Recreational cannabis is not yet legal in Pennsylvania, though that outcome is looking more likely as its neighbors move forward with their own adult-use pot plans.
But the commonwealth’s neighbor to the south is already off to the races and offering somewhat of a cautionary tale as a complex and tangled web of municipal regulations makes the already fraught process of securing retail real estate more difficult.
“There’s a lot of reefer madness in Delaware,” said Jamie Campbell, a First State native and founder of the marijuana real estate consulting firm Advisory Cannabis.
Bisnow/Created with assistance from OpenAI’s DALL-E
Adult-use cannabis is legal in Delaware, but a complex web of municipal restrictions are making it hard for retailers to find suitable real estate.
Delaware passed its adult-use legislation in April 2023, and some of the state’s 13 existing medical dispensaries were granted dual-use conversion licenses, allowing them to start selling recreational weed as early as this spring, Campbell said.

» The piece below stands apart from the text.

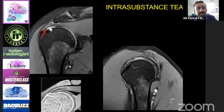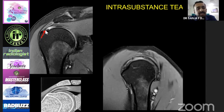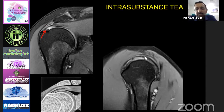The third variety is an interstitial tear. You see an intact black line on the articular surface, an intact black line on top as the bursal surface, and in the center a bright signal as bright as fluid — that is an intrasubstance or interstitial tear. This is how it appears on the sagittal image, and this is the diagrammatic representation.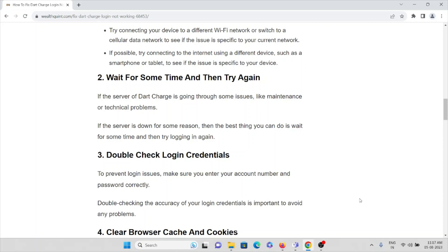The second method is to wait for some time and try again later. There may be some maintenance or downtime with the server. If there are server issues with Dart Charge — such as ongoing maintenance or technical problems — the best thing to do is wait and try again later.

Delaware’s Office of the Marijuana Commissioner issued 125 more retail, cultivation, testing and manufacturing licenses through two separate lotteries last year. Recipients have 18 months to open a business before the opportunity expires.
Now, some of those new license holders are struggling to find suitable real estate due to a wave of restrictive legislation and zoning passed by counties and municipalities across the state.

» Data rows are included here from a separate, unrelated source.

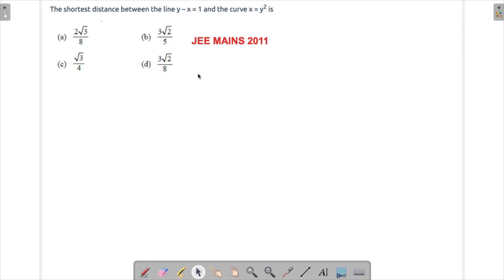Alright, so we are trying to solve a problem which appeared in JMS 2011. In this question we are asked to find the shortest distance between the line y minus x equals to 1 and x equals to y square.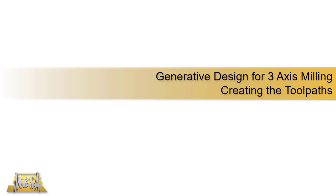Hello, I'm Steve Olson, the Manager of Training Services for Mesa. This is another video in my series where I'm talking about generative design for 3-axis milling. In this video, we're actually ready to create the CNC toolpaths for the generative design outcome that was created from our study.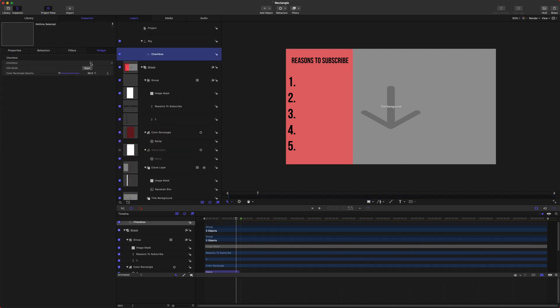So now when this is enabled, we want to add 50%, when it's disabled we want to add 0%. Then we can rename this to be Enable Backdrop.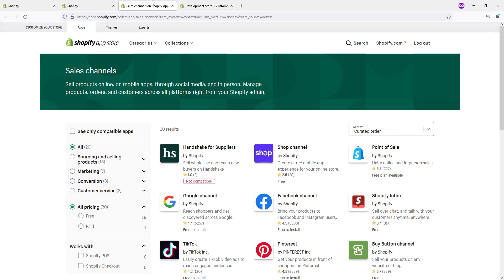And yeah, that's pretty much it. This is how easy it is to add a sales channel in Shopify. I hope this video was helpful. And if you'd like other videos with respect to Shopify, please ensure to subscribe to my channel. Thank you.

On Monday, Milford became the latest jurisdiction to prohibit recreational marijuana sales, joining towns and cities like Middletown, Bethany Beach, Rehoboth Beach and Lewes, which have done the same. Sussex County, the state's second-most populous county, has enacted strict zoning laws that could limit retail outlets to the jurisdiction's most remote and financially difficult locations.
As of mid-December, about one-third of Delaware's 57 municipalities had imposed outright bans on cannabis retail thanks to state law leaving regulation up to local authorities.

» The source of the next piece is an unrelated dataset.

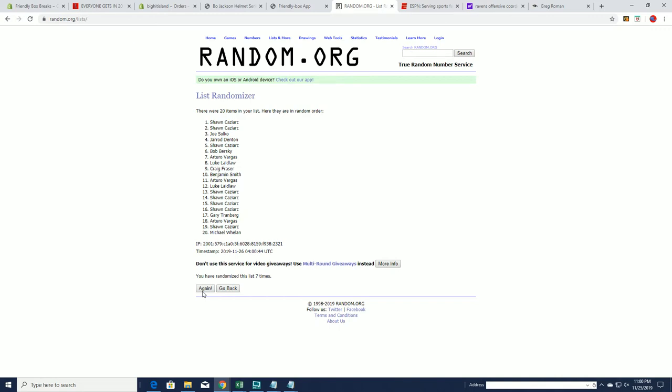All right. It's crazy. Okay. Sean C, Sean C, Joe S, Jared D, Sean C, Bob B, AV, Luke, and Craig, and Ben S.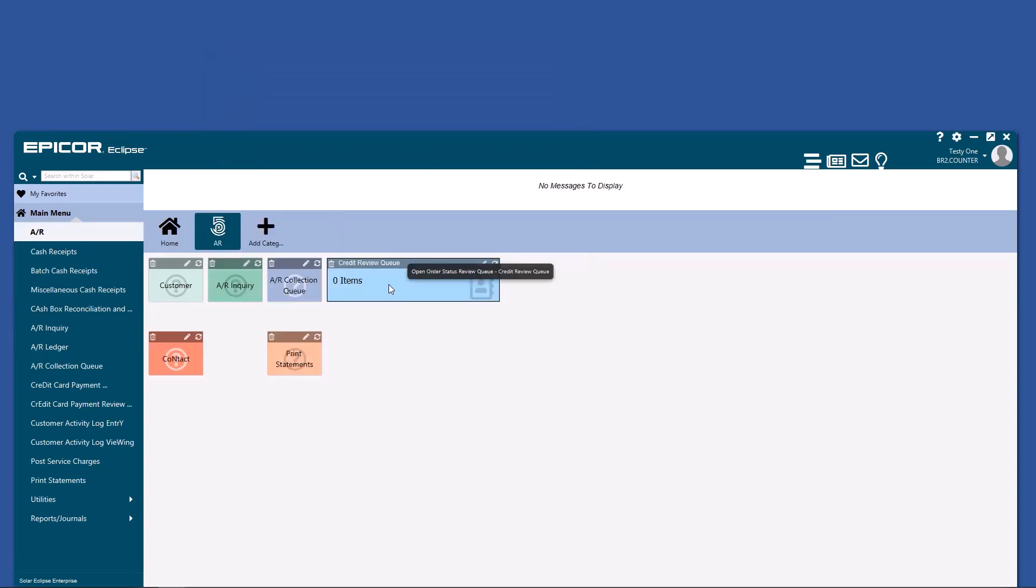From now on, this will populate any time there's a sales order that takes a customer over their credit limit. There's a lot more you can do within AR, as you can obviously tell, but this is the foundational widget setup that you need on day one.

Longtime Industry Players Perplexed
The laws have even ensnared existing medical retailers like The Farm, which already has locations in New Castle and Kent counties. Its owner, Jen Stark, tried to expand into Sussex County, where she expected to be grandfathered into the recreational market. But she was rebuffed by the county government.
“It’s so frustrating,” Stark said. “I feel like my hands are tied, and I don’t have a ton of money to spend fighting legal battles.”
Stark chose her proposed location outside of Frankford because OMC identified the southeastern part of the state as a place in need of an additional medical retailer in 2023. The Farm got approval from the Delaware Office of Medical Marijuana the following February, and the Farm signed a lease.
But when Stark went to the county offices to pick up some paperwork later that year, she was surprised to find that her plans had been rejected by zoning officials.
An ordinance passed by the Sussex County Council in May 2024 imposed a 3-mile buffer for cannabis retailers that prevents them from opening anywhere near municipal borders, other pot businesses and sensitive uses like schools, churches and rehab facilities. It also only allows retailers to open in areas zoned as C3, or heavy commercial zoning districts, which Stark said are in short supply.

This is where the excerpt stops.